Mitsuki Haruno is a first-year in high school who has always had trouble making friends. Her luck begins to change when she befriends the most popular quartet of boys in school. If someone read those sentences to me and asked me to guess in which magazine this manga was serialized, I’d say Dessert, based on past offerings we’ve seen from them (like Say I Love You.). And I would be right.
I also quite liked Mitsuki as a character. I could foresee a version of this story in which her failures to initiate social interaction with others might be frustrating, but that’s not the case here at all. The key seems to be Mitsuki’s honesty about the past experiences that are holding her back in the present, and by the end of the third volume she has made two female friends. Reina is, awesomely, a major fujoshi and envisions the four boys (all of whom are on the basketball team) in romantic pairings. I love the little background gags of her taking surreptitious pictures of them. Maki is a member of the girls basketball team who, unbeknownst to Mitsuki, also has a thing for princely Asakura.

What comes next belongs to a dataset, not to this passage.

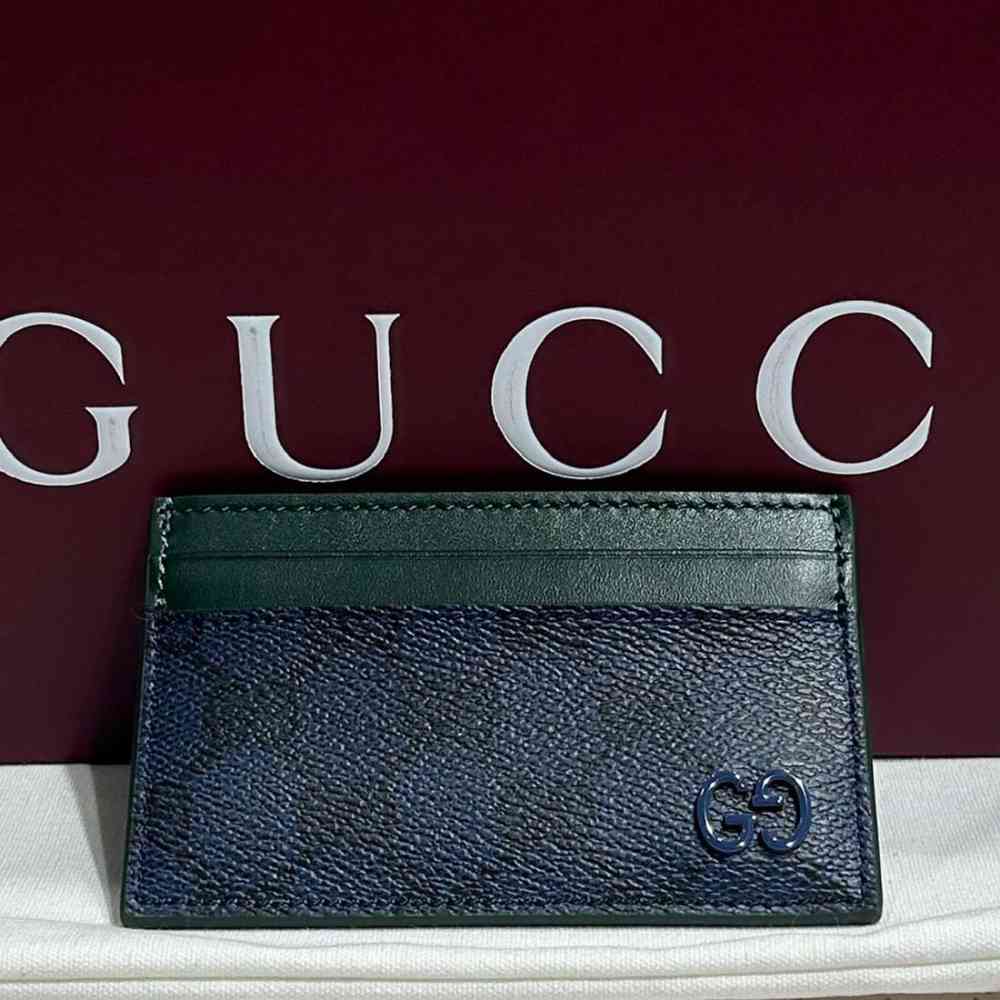 Blue & Green Gucci Double G Grey Premium Card Wallet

But will he act on those feelings? The boys on the basketball team are not allowed to date. I did find it strange that although these boys talk about how much basketball means to them, because this is shoujo manga, we see sadly little of it. In volume three, the inter-high preliminaries have begun and in the space of 1.5 pages, the boys have won five games. I know this isn’t a sports manga, but c’mon… I’d like to see more than that! Another thing to appreciate about Mitsuki is that, while many of the team’s other female fans are just there to look at the cute boys, she understands how important the game is to Asakura and overcomes her shyness and orchestrate a cheering section when they fall behind during a practice game. Too, I greatly appreciate that she hasn’t had to deal with any mean girls warning her away from the boys. (Reina’s occasional “grr” reactions at girls hanging around them are enough.)